USDA to Slash Crop-Insurance Subsidies
The U.S. Department of Agriculture (USDA) recently proposed slashing the federal funding that goes to crop-insurance companies by $6 billion over 10 years, reports Bloomberg.
Farmers buy crop insurance to protect their farms against natural disasters, and the federal government subsidizes private crop insurance policies to make sure that overwhelming events don't overwhelm the private system.
The administration has now decided that the enormous profits these insurance companies rake in — the average rate of return on equity was around 17 percent between 1989 and 2008, according to an August USDA report — is higher than "reasonable." The government will adjust the subsidization of the system to bring that return down by at least 4 percentage points.
The plan would cap payments for administrative costs at $1.3 billion next year, with that cap slowly rising to $1.37 billion by 2015. The plan will be adopted in 30 days, so insurance execs are scrambling to negotiate some of the details.
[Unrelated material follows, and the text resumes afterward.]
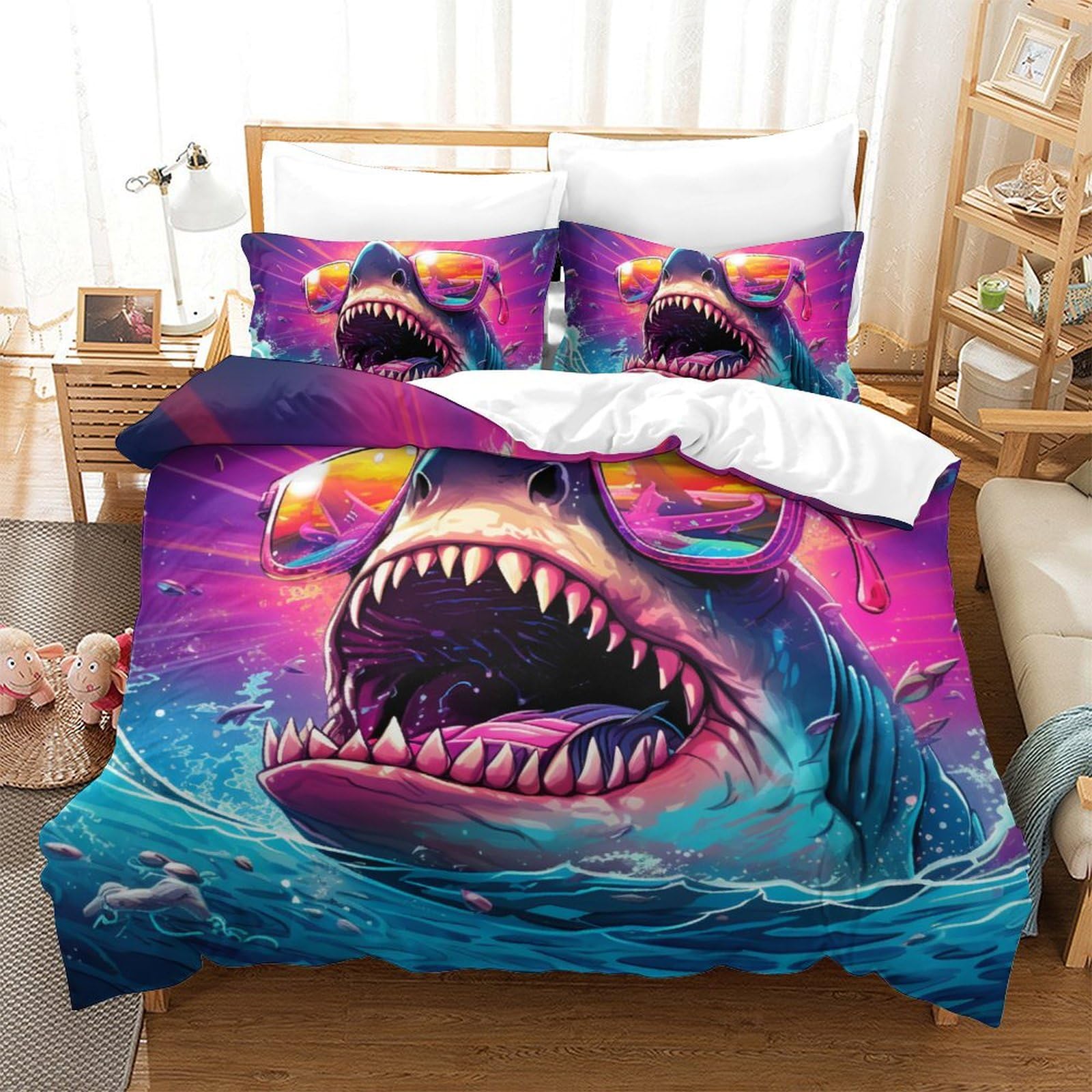 Housse de couette requin impression 3D haute définition parure de lit microfibre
The agenda aims to pull back dramatically on what has become a gravy train in recent years because of a rise in commodity prices that are linked to the insurance premiums, reports the Des Moines Register.
The cuts are meant to help reduce the federal deficit, said Agriculture Secretary Tom Vilsack. "This is us stepping up to the plate early and in significant way," he said. The plan, he assured insurance folks, will ensure “a fair and reasonable return” for companies, but shrinks what the USDA sees as over-the-top profits.
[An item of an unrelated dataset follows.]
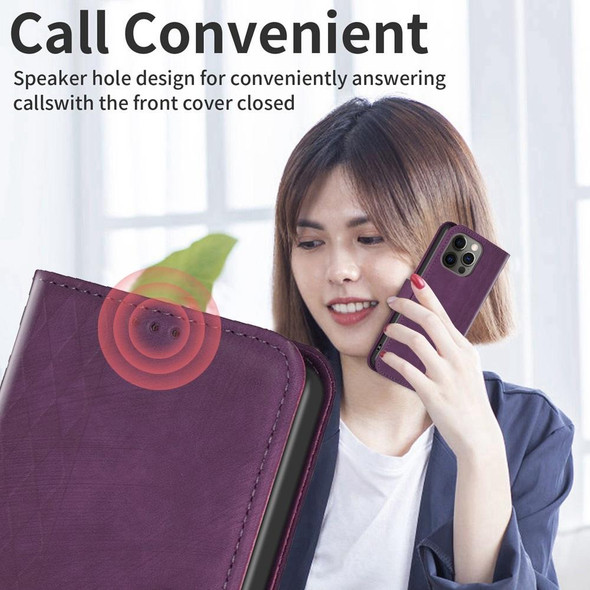 For iPhone 12 / 12 Pro Plaid Embossed Leatherette Phone Case(Purple)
Crop insurance has become as big a racket as other aspects of the Big Ag universe. The industry is enormous and awash in money. In Iowa alone, there are 7,000 state agents licensed to hawk these policies, and the companies employ some 700 people to make the administrative elements of the system run. In Iowa, farmers bought almost 159,000 policies in 2009 worth $9.2 billion in liabilities, more than farmers in any other state, according to the Register.
Yay for the government cutting back on subsidies that allow corporate interests to make huge profits on the tax-payers' backs. It's great news that Vilsack is stepping up to get this done. Now let's work on all the other subsidies for commodity crops in that big, old Farm Bill.